Exercise objective:
Every line of the records below from the line with "murat yakin" up to and including the line with "1090 S Rimwood Dr, Anaheim, CA 92807" must be reproduced exactly, and no line outside that range.

━━━━━ Stored data ━━━━━

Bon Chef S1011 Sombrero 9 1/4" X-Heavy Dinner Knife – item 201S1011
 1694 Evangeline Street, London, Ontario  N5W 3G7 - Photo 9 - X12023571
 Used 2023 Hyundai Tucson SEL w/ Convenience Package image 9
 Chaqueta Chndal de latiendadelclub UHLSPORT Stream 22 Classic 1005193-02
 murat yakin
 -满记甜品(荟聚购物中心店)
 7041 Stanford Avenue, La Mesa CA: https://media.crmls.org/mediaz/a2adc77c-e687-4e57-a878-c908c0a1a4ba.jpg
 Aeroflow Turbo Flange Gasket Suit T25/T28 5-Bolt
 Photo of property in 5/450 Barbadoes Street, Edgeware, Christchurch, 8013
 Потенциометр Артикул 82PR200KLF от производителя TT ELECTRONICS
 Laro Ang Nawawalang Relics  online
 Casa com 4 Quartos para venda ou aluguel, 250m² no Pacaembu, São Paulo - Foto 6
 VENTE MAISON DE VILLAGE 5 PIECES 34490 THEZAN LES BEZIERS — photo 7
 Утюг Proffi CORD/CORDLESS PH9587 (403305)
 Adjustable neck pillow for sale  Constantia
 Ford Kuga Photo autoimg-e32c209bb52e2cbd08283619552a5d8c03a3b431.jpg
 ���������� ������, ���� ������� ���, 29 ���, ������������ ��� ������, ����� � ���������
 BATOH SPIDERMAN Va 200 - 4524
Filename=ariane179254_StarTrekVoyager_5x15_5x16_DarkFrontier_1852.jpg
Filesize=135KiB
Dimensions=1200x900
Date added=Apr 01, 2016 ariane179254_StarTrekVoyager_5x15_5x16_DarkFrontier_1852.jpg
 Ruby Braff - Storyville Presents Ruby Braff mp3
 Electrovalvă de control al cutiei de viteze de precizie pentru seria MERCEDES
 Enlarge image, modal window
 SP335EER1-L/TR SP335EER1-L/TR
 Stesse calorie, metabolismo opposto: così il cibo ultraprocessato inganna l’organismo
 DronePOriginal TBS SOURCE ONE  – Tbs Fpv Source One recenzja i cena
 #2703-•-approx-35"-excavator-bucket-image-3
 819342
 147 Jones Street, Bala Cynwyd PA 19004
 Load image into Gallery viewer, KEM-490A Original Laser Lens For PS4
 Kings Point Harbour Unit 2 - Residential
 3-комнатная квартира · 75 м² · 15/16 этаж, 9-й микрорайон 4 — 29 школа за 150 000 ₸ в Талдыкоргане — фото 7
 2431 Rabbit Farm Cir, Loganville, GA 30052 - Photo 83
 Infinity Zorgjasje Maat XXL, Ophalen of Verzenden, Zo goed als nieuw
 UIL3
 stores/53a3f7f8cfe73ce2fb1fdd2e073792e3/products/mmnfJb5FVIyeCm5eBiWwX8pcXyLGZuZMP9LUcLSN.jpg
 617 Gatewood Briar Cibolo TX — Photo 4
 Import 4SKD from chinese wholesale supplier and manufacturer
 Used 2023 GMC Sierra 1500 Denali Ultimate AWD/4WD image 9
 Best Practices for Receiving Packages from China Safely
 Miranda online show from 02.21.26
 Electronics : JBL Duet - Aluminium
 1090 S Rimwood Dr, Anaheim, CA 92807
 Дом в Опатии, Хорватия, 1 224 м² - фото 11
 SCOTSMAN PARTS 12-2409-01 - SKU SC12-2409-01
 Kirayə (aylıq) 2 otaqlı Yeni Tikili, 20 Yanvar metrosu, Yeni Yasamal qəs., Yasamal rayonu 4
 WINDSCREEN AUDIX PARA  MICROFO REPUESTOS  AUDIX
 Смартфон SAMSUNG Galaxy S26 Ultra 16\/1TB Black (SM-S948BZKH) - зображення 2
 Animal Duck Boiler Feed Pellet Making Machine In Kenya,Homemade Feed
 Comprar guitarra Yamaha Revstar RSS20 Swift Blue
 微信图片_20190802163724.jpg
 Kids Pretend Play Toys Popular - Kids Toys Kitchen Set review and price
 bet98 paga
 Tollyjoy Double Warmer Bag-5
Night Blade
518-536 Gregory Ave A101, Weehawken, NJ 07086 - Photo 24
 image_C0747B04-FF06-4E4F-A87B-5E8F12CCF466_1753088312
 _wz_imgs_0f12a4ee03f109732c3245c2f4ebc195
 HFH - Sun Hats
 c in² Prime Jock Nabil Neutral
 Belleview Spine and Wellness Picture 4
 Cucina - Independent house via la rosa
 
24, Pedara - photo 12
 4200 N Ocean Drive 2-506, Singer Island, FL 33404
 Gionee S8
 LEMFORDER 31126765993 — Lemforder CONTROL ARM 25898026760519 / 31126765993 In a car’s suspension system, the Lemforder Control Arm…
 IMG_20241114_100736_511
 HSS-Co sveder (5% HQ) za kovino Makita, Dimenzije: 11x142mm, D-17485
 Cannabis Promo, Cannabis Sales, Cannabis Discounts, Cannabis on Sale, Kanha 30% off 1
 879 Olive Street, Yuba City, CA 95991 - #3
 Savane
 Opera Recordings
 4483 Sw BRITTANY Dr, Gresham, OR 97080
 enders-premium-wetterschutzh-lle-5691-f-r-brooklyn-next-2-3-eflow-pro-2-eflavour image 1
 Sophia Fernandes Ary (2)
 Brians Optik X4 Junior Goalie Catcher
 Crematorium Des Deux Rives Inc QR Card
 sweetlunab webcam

━━━━━

Answer to this problem:
 murat yakin
 -满记甜品(荟聚购物中心店)
 7041 Stanford Avenue, La Mesa CA: https://media.crmls.org/mediaz/a2adc77c-e687-4e57-a878-c908c0a1a4ba.jpg
 Aeroflow Turbo Flange Gasket Suit T25/T28 5-Bolt
 Photo of property in 5/450 Barbadoes Street, Edgeware, Christchurch, 8013
 Потенциометр Артикул 82PR200KLF от производителя TT ELECTRONICS
 Laro Ang Nawawalang Relics  online
 Casa com 4 Quartos para venda ou aluguel, 250m² no Pacaembu, São Paulo - Foto 6
 VENTE MAISON DE VILLAGE 5 PIECES 34490 THEZAN LES BEZIERS — photo 7
 Утюг Proffi CORD/CORDLESS PH9587 (403305)
 Adjustable neck pillow for sale  Constantia
 Ford Kuga Photo autoimg-e32c209bb52e2cbd08283619552a5d8c03a3b431.jpg
 ���������� ������, ���� ������� ���, 29 ���, ������������ ��� ������, ����� � ���������
 BATOH SPIDERMAN Va 200 - 4524
Filename=ariane179254_StarTrekVoyager_5x15_5x16_DarkFrontier_1852.jpg
Filesize=135KiB
Dimensions=1200x900
Date added=Apr 01, 2016 ariane179254_StarTrekVoyager_5x15_5x16_DarkFrontier_1852.jpg
 Ruby Braff - Storyville Presents Ruby Braff mp3
 Electrovalvă de control al cutiei de viteze de precizie pentru seria MERCEDES
 Enlarge image, modal window
 SP335EER1-L/TR SP335EER1-L/TR
 Stesse calorie, metabolismo opposto: così il cibo ultraprocessato inganna l’organismo
 DronePOriginal TBS SOURCE ONE  – Tbs Fpv Source One recenzja i cena
 #2703-•-approx-35"-excavator-bucket-image-3
 819342
 147 Jones Street, Bala Cynwyd PA 19004
 Load image into Gallery viewer, KEM-490A Original Laser Lens For PS4
 Kings Point Harbour Unit 2 - Residential
 3-комнатная квартира · 75 м² · 15/16 этаж, 9-й микрорайон 4 — 29 школа за 150 000 ₸ в Талдыкоргане — фото 7
 2431 Rabbit Farm Cir, Loganville, GA 30052 - Photo 83
 Infinity Zorgjasje Maat XXL, Ophalen of Verzenden, Zo goed als nieuw
 UIL3
 stores/53a3f7f8cfe73ce2fb1fdd2e073792e3/products/mmnfJb5FVIyeCm5eBiWwX8pcXyLGZuZMP9LUcLSN.jpg
 617 Gatewood Briar Cibolo TX — Photo 4
 Import 4SKD from chinese wholesale supplier and manufacturer
 Used 2023 GMC Sierra 1500 Denali Ultimate AWD/4WD image 9
 Best Practices for Receiving Packages from China Safely
 Miranda online show from 02.21.26
 Electronics : JBL Duet - Aluminium
 1090 S Rimwood Dr, Anaheim, CA 92807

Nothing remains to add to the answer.